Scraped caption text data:

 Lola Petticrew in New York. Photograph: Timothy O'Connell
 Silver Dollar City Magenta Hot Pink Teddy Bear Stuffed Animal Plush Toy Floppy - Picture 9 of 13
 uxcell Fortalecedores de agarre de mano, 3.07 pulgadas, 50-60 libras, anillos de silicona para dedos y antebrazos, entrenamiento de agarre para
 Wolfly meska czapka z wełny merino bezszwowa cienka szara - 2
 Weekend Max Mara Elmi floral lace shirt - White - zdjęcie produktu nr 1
* * *
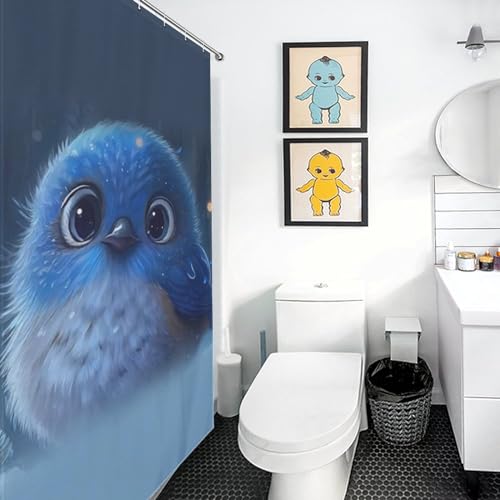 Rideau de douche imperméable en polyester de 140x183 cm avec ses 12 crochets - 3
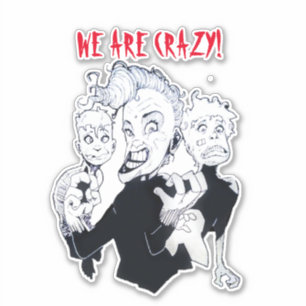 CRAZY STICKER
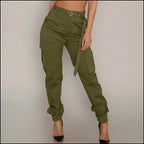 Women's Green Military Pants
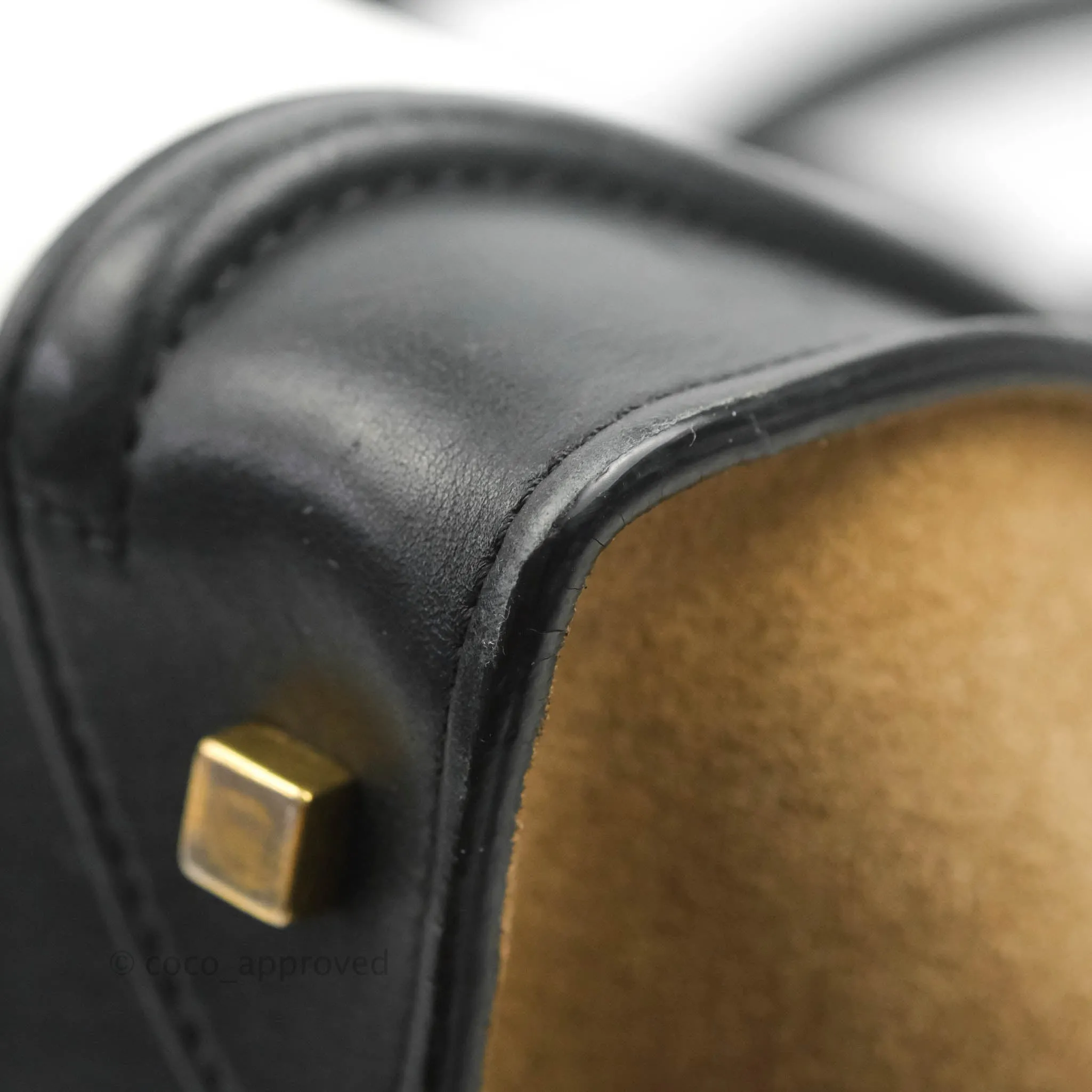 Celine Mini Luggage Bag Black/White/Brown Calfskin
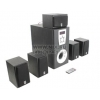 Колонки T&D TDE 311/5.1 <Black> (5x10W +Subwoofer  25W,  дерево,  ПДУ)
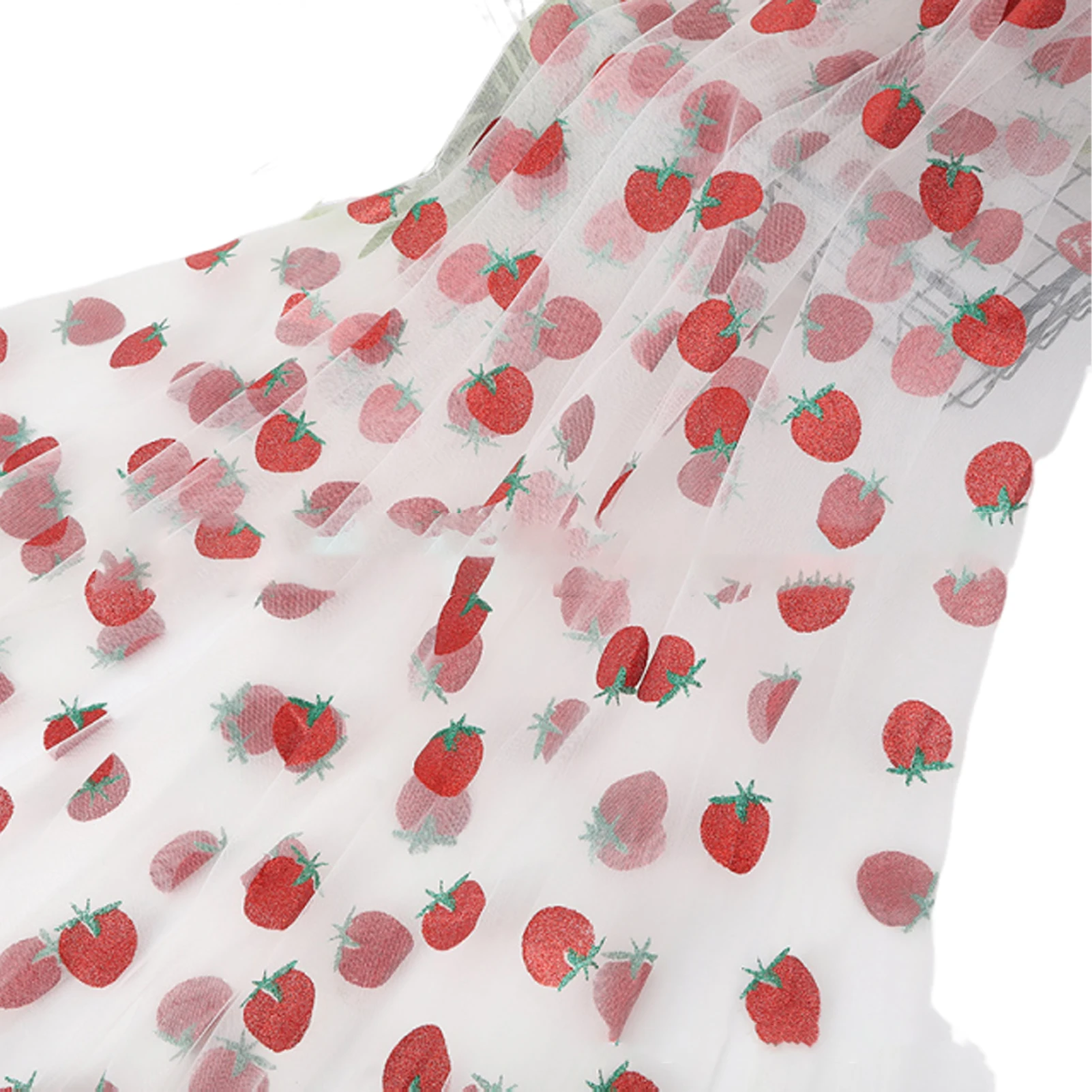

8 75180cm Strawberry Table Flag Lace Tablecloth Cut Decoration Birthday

TASK ITEM: Each line from the one that contains "CRAZY STICKER" down to the one that contains "8 75180cm Strawberry" is to be returned exactly as it stands above, both ends included, with pictures removed.

EXERCISE OUTPUT:
 CRAZY STICKER
 Women's Green Military Pants
 Celine Mini Luggage Bag Black/White/Brown Calfskin
 Колонки T&D TDE 311/5.1 <Black> (5x10W +Subwoofer  25W,  дерево,  ПДУ)

8 75180cm Strawberry Table Flag Lace Tablecloth Cut Decoration Birthday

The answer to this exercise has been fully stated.